* _WHAT THIS TASK INVOLVES_:
Quote word for word the lines starting at the line with "Prijs verlaagd - Croton" and ending at the final line of the entries. Leave out any pictures.

* _PROVIDED ENTRIES_:
----------------

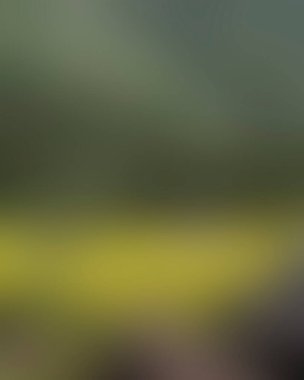 Renklerin soyut bulanık arkaplanı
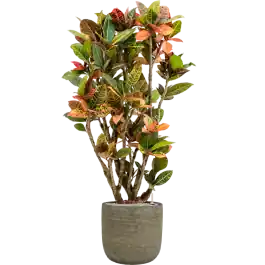 Prijs verlaagd - Croton Variegatum Petra in Magna Bruin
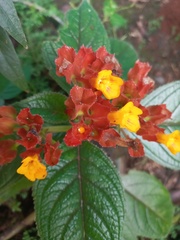 Chrysothemis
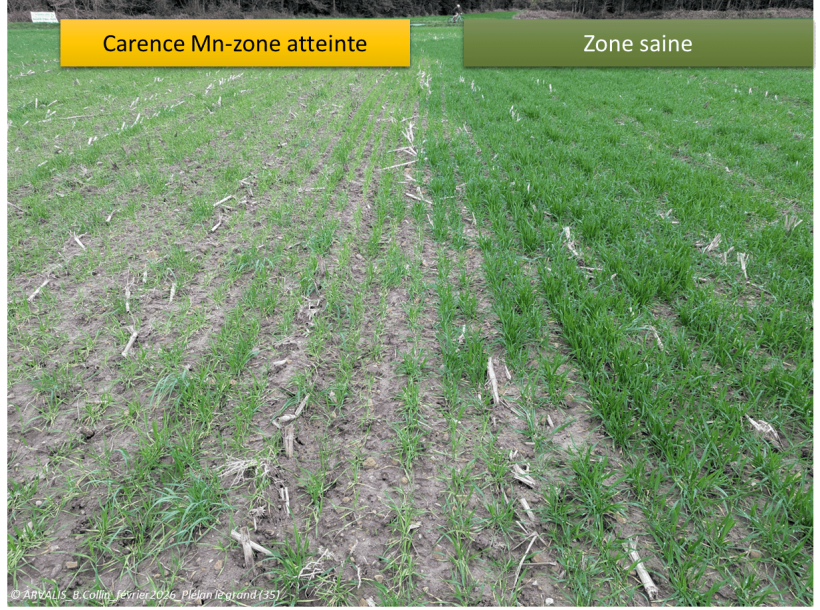 Comparaison zone atteinte carence en Mn vs zone saine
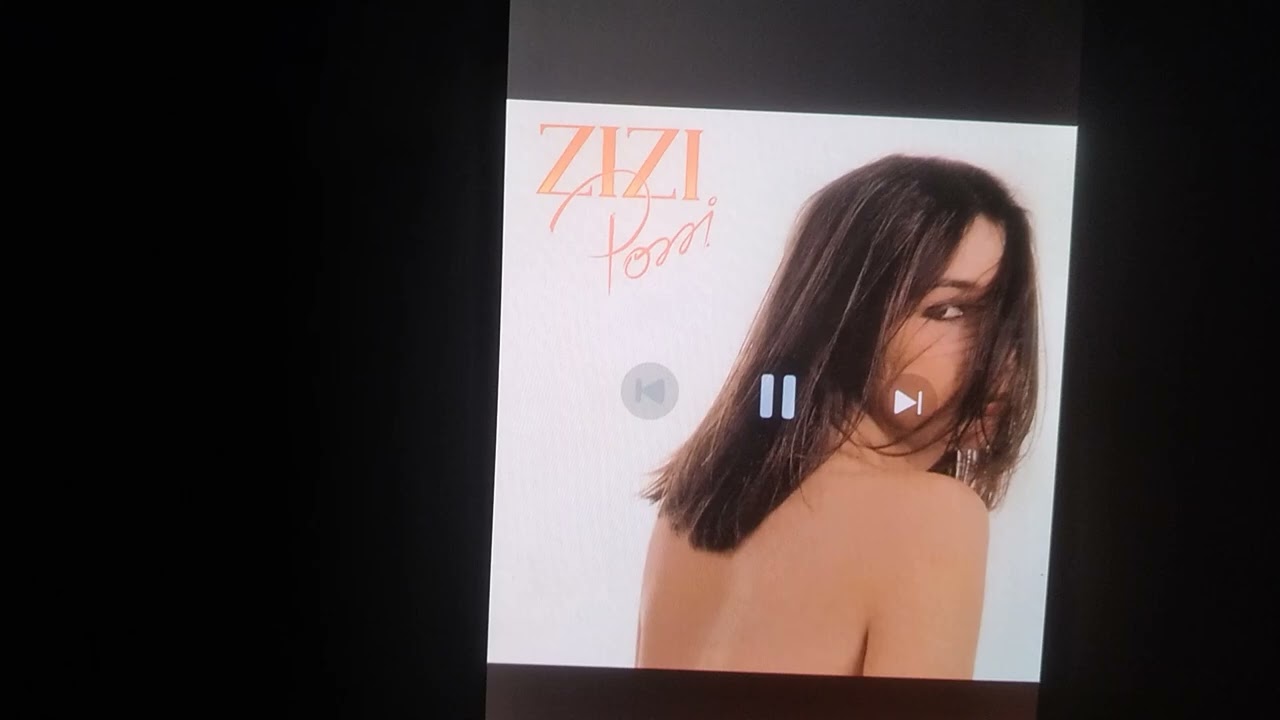 O AMOR VEM PRA CADA UM_ ZIZI POSSI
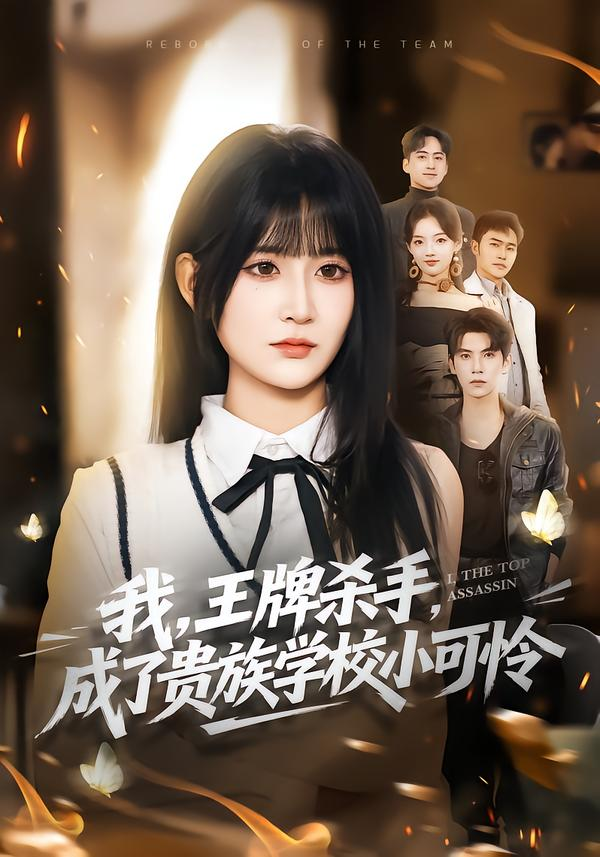 我，王牌杀手，成了贵族学校小可怜＆我王牌杀手成了贵族学校小可怜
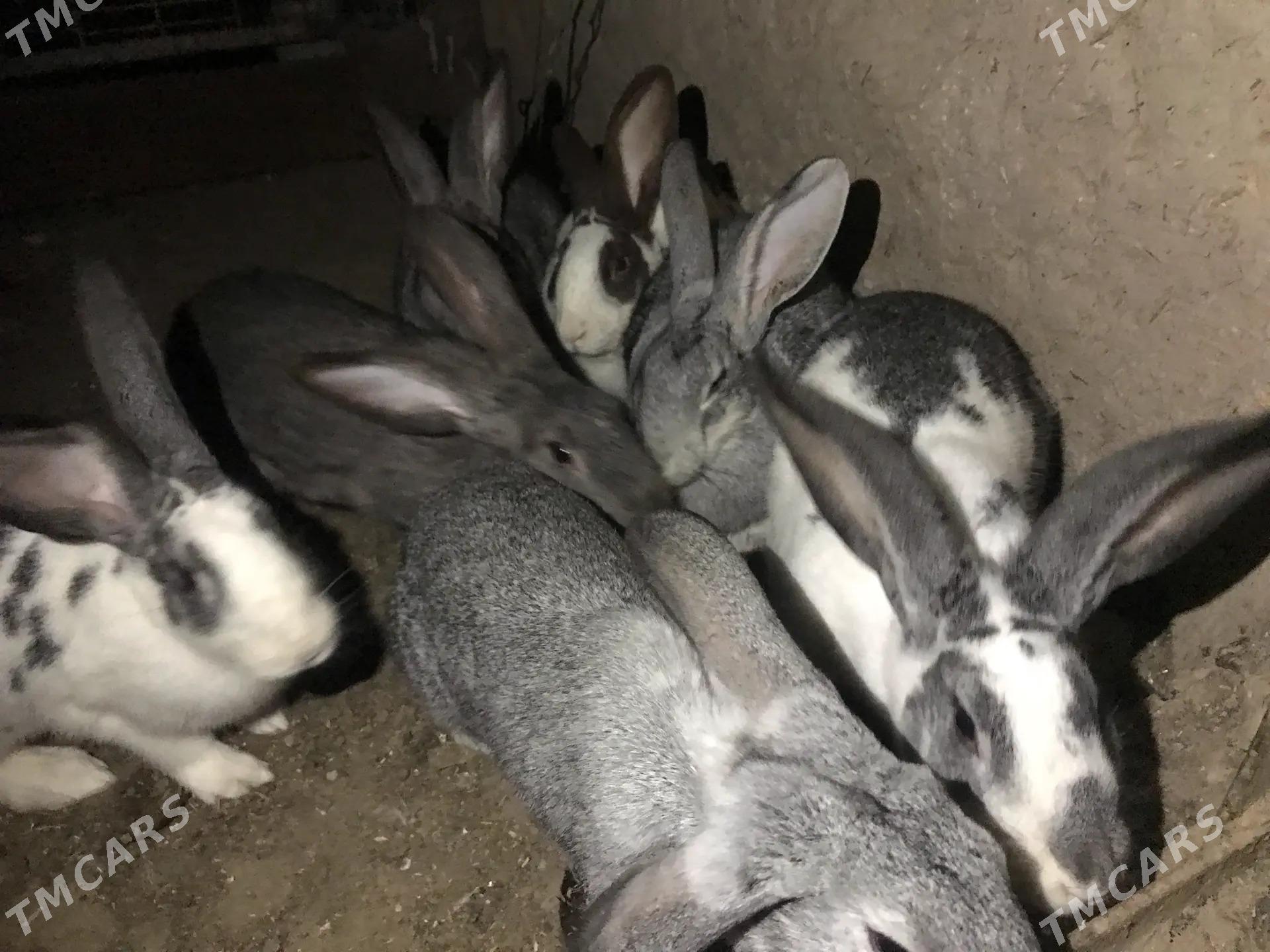 MESNİ TOWSAN ABMEN - Çärjew - img 3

----------------

* _FINISHED EXERCISE_:
 Prijs verlaagd - Croton Variegatum Petra in Magna Bruin
 Chrysothemis
 Comparaison zone atteinte carence en Mn vs zone saine
 O AMOR VEM PRA CADA UM_ ZIZI POSSI
 我，王牌杀手，成了贵族学校小可怜＆我王牌杀手成了贵族学校小可怜
 MESNİ TOWSAN ABMEN - Çärjew - img 3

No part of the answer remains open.